Data extract:

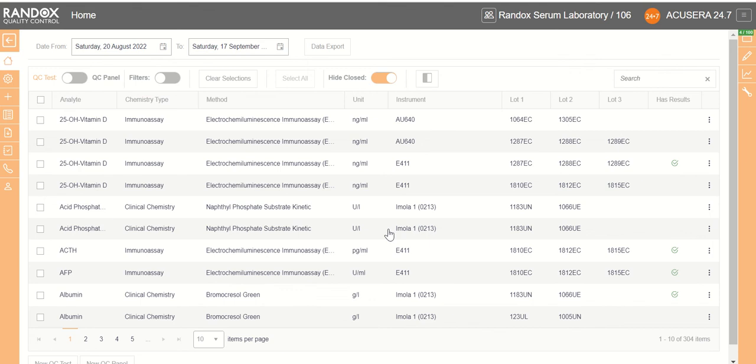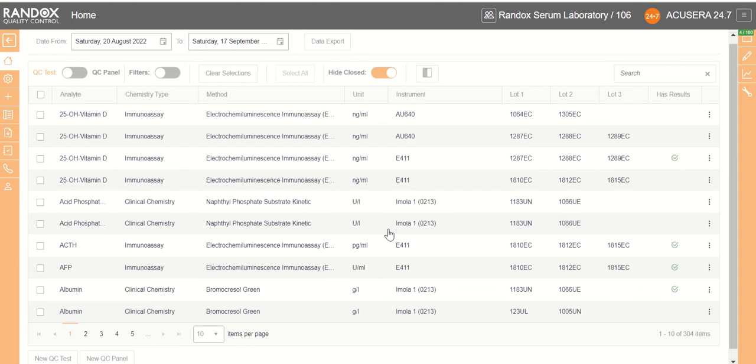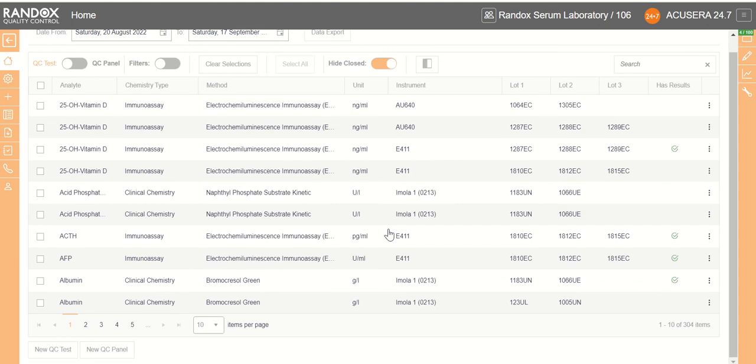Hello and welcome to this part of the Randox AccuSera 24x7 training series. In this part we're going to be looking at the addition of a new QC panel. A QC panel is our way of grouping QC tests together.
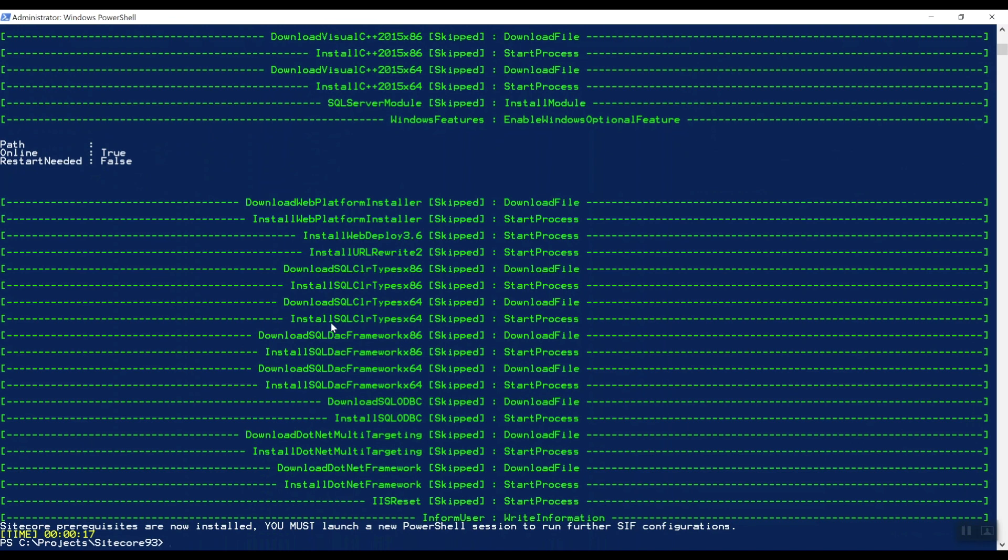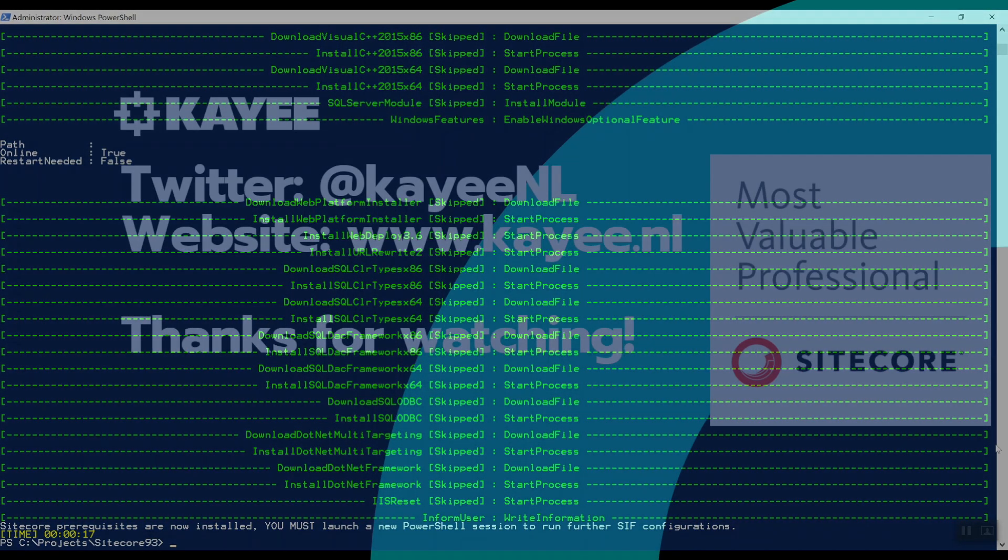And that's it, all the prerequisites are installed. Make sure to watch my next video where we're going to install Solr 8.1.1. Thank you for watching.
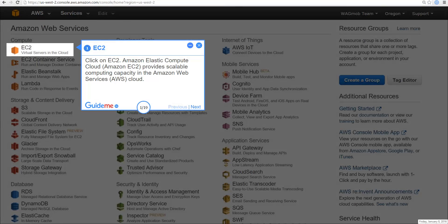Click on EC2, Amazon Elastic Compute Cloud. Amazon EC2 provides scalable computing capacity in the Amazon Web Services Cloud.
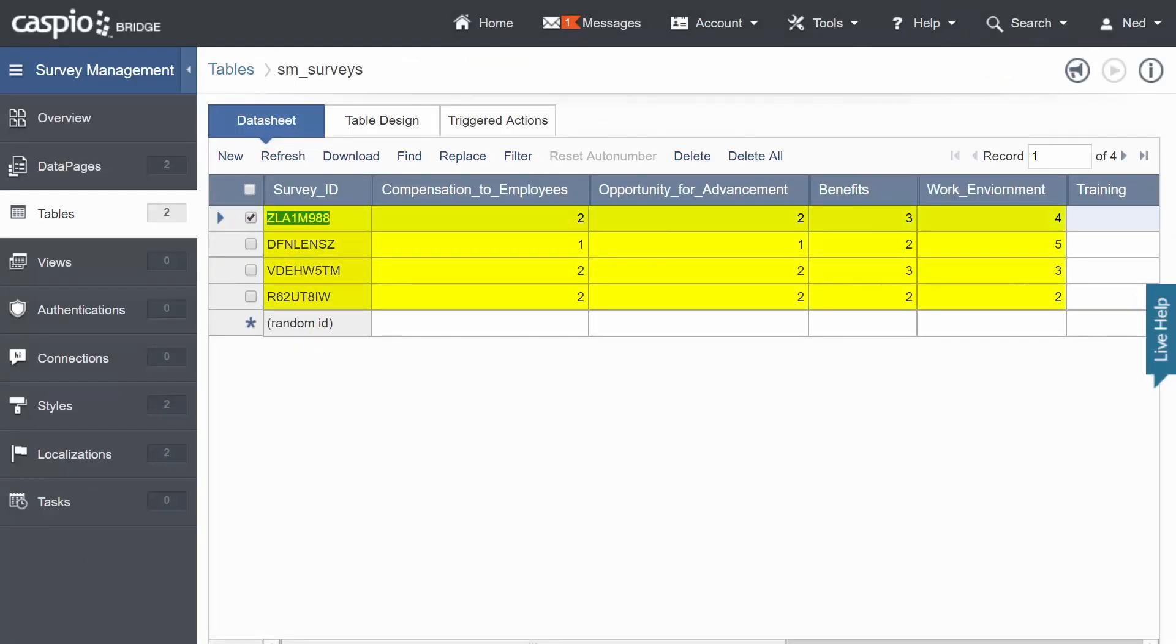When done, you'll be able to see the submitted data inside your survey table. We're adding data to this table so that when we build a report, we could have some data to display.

Your goal: Only the text of the listing above should be copied, exactly and with pictures left out.

Problem solution:
Hello and welcome to this part of the Randox AccuSera 24x7 training series. In this part we're going to be looking at the addition of a new QC panel. A QC panel is our way of grouping QC tests together.
And that's it, all the prerequisites are installed. Make sure to watch my next video where we're going to install Solr 8.1.1. Thank you for watching.
Click on EC2, Amazon Elastic Compute Cloud. Amazon EC2 provides scalable computing capacity in the Amazon Web Services Cloud.
When done, you'll be able to see the submitted data inside your survey table. We're adding data to this table so that when we build a report, we could have some data to display.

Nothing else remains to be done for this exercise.